Posted by: Wareq at October 12, 2008 09:12 PMSalty--I wouldn't say it was terrible, but I would say it was snide. It does at least admit that the protestors seem to have been right, but it does it in a way that hints they are/were a bunch of clowns or ideologues who don't deserve any credit for it. Back in 1999 the NYT never (AFAIK) treated the antiglobalization protestors as people with a legitimate viewpoint--instead they were all a bunch of no-nothing crackpots in turtle costumes, or worse, anarchists breaking windows or people who wanted us to live like North Koreans (that was Friedman's view). Thomas Friedman and even Paul Krugman ridiculed them on a regular basis. (Krugman, IIRC, later admitted he was partly wrong.)
It's like the Iraq War--there's no honor in being right about it from the beginning. You're only a serious person if you were wrong and then changed your mind.
Here is Krugman admitting to second thoughts about the Washington Consensus.
Posted by: Donald Johnson at October 12, 2008 09:49 PMI'll stop posting after this, but it's fun looking at old NYT columns by Tom Friedman. I just typed in "golden straitjacket" over at their website and this is one of the columns that popped up--
I might start looking for some of his old columns where he justifies bombing Serbia back into the Middle Ages, but perhaps this has been enough fun for one night.
Posted by: Donald Johnson at October 12, 2008 10:06 PMI guess Charlie Savage isn't going for his next Pulitzer; this is the kind of smarmy crap you'd find in the Washington Post's Style section.
Posted by: Nell at October 12, 2008 10:48 PMJust cause the chickens come home to roost don't mean there's fried chicken for supper. That one in every pot went out with the last depression.
Posted by: Mike Meyer at October 13, 2008 12:59 AMDonald, I remember well Friedman's column at the time of the Seattle demos:
Is there anything more ridiculous in the news today then the protests against the World Trade Organization in Seattle? I doubt it.These anti-W.T.O. protesters -- who are a Noah's ark of flat-earth advocates, protectionist trade unions and yuppies looking for their 1960's fix -- are protesting against the wrong target with the wrong tools. Here's why:
The editorial writers at The Economist were even more snotty and condescending.
I guess Charlie Savage isn't going for his next Pulitzer
I see no reason why he can't get a Pulitzer for this.
Posted by: Jonathan Schwarz at October 13, 2008 08:26 AMOn a related note, I have been wondering why is the NYSE still in New York City. Wouldn't it be cheaper to do it in another country or at least a less expensive part of the United States?
Posted by: micah holmquist at October 13, 2008 02:04 PM"...a Noah's ark of flat-earth advocates..."
The World is Flat by Thomas Friedman.
Posted by: Rojo at October 13, 2008 02:21 PMCommentators Quarrel on Global Geometry
http://www.theworldiscurved.com/
Although Alan Greenspan's praise for this book is at the top of the page, George Soros and Georgie Anne Geyer also like it.
Posted by: mistah charley, ph.d. at October 14, 2008 08:12 AMWell, American is turning socialist and this just won't do.

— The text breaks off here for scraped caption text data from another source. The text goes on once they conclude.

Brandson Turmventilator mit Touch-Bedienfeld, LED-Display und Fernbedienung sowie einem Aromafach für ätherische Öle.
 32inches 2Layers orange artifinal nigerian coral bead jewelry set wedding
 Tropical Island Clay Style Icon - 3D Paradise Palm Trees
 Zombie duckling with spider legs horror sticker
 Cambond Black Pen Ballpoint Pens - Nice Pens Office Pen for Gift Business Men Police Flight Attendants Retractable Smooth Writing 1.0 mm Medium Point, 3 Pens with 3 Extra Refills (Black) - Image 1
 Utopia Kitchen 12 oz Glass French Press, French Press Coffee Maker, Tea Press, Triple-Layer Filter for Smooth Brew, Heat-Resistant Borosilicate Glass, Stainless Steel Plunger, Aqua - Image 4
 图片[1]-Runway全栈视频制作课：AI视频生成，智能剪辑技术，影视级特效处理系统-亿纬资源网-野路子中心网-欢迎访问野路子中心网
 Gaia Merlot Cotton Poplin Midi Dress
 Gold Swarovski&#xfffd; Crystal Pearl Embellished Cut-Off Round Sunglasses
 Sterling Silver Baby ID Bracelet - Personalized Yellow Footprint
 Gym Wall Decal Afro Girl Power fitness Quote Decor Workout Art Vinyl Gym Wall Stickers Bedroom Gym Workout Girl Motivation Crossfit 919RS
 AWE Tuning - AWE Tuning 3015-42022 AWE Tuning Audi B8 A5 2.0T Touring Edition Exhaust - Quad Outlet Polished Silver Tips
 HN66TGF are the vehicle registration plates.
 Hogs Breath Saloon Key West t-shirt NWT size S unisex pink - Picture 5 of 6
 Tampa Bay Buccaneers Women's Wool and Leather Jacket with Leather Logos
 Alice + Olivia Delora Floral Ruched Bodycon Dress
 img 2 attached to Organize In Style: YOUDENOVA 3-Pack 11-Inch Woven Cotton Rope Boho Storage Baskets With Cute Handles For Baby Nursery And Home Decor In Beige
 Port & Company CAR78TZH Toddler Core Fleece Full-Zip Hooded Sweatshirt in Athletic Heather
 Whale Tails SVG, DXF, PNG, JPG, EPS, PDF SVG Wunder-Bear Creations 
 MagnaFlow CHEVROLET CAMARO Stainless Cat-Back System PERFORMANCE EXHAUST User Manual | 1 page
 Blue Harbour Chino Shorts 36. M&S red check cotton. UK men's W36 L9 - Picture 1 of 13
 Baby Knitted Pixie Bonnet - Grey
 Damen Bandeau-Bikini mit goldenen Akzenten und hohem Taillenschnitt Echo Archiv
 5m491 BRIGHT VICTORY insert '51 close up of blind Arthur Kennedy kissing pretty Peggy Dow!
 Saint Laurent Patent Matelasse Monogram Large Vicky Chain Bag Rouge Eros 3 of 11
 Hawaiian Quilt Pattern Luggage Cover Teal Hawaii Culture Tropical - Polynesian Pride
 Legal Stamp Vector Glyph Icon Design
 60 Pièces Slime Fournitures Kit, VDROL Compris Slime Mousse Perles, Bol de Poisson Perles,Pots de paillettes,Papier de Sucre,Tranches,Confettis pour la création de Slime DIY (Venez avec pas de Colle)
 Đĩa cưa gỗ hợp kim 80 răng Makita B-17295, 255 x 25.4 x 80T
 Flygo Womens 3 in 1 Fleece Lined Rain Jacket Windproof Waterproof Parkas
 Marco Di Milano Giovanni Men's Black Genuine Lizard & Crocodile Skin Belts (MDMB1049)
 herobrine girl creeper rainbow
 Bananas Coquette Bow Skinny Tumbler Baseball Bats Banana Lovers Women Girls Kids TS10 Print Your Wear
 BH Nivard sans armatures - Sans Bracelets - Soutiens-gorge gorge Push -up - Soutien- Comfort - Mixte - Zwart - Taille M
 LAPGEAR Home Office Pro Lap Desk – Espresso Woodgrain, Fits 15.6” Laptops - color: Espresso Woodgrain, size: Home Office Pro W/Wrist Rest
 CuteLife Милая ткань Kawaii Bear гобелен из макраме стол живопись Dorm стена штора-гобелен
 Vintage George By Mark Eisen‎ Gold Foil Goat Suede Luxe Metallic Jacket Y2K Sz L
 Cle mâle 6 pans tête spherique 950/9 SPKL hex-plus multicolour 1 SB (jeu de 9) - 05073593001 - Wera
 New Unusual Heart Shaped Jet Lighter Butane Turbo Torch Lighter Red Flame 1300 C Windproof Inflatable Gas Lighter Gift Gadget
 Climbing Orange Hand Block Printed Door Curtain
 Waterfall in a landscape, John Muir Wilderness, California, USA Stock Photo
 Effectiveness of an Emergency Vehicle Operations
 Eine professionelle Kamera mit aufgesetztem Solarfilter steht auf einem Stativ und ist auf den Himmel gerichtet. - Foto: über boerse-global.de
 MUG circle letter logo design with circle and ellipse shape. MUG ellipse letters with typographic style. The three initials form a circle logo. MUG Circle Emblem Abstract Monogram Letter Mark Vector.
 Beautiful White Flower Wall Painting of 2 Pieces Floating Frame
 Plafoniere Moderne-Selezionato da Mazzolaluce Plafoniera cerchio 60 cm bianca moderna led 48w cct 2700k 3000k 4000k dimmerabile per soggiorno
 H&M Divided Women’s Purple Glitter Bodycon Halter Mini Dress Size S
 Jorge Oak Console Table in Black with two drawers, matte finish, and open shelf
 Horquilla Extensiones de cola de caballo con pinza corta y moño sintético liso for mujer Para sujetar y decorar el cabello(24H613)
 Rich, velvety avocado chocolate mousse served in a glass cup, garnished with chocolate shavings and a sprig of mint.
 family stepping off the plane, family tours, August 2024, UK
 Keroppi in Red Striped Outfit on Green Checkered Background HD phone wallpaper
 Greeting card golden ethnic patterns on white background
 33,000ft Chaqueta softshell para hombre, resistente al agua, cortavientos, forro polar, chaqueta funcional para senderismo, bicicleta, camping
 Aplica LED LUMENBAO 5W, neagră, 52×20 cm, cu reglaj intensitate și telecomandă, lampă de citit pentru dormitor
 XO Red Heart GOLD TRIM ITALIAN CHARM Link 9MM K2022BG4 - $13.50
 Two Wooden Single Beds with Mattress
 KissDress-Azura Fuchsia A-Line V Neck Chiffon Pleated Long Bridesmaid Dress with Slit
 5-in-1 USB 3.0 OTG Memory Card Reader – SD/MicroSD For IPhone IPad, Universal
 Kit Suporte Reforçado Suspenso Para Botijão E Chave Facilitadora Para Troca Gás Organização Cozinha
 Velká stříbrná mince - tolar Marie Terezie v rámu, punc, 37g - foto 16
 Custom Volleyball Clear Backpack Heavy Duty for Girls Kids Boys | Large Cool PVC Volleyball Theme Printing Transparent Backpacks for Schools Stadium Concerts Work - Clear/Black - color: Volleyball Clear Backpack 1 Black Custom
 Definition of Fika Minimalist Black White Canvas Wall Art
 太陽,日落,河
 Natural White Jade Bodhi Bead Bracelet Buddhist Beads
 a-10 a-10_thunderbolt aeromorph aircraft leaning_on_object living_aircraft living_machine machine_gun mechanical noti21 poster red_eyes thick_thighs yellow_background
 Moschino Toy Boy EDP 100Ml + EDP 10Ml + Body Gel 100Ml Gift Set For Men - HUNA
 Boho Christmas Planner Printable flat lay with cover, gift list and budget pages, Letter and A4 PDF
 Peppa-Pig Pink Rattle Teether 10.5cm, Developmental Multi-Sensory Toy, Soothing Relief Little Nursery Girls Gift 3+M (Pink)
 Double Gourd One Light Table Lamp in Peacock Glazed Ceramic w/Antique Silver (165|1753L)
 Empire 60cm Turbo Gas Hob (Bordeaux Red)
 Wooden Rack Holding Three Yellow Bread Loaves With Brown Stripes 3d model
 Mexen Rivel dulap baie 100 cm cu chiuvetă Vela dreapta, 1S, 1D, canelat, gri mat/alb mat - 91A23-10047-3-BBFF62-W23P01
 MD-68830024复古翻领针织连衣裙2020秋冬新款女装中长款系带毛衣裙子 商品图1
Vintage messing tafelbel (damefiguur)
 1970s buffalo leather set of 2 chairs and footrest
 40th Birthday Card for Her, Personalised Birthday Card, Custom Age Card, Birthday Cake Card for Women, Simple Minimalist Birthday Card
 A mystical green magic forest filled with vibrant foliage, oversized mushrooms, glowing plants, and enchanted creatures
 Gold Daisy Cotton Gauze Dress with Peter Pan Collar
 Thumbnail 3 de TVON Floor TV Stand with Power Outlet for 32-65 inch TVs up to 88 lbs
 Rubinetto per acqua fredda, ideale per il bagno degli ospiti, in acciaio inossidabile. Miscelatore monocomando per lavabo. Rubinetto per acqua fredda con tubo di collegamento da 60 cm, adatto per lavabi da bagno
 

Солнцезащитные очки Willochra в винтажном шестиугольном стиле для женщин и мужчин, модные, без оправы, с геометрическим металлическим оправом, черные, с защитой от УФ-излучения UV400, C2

To quote that great "diplomat" and "statesman", Henry Kissinger:
"I don't see why we need to stand by and watch a country go communist due to the irresponsibility of its people. The issues are much too important for the Chilean voters to be left to decide for themselves."
-- Henry Kissinger, Secretary of State under Richard Nixon, about Chile prior to the CIA overthrow of the democratically elected government of socialist President Salvadore Allende in 1973
Some country - preferably a Latin American country such as Venezuela to make it all the more fitting - should a coup and overthrow the current socialist/communist American government, execute the President and imprison government officials; send death-squads to slaughter, terrorize, imprison and torture American civilians to punish them for their irresponsibility.
After all, this is what America has done many a time to many a country and to many people, even after the end of the Cold War - the attempted overthrow of Hugo Chavez comes to mind.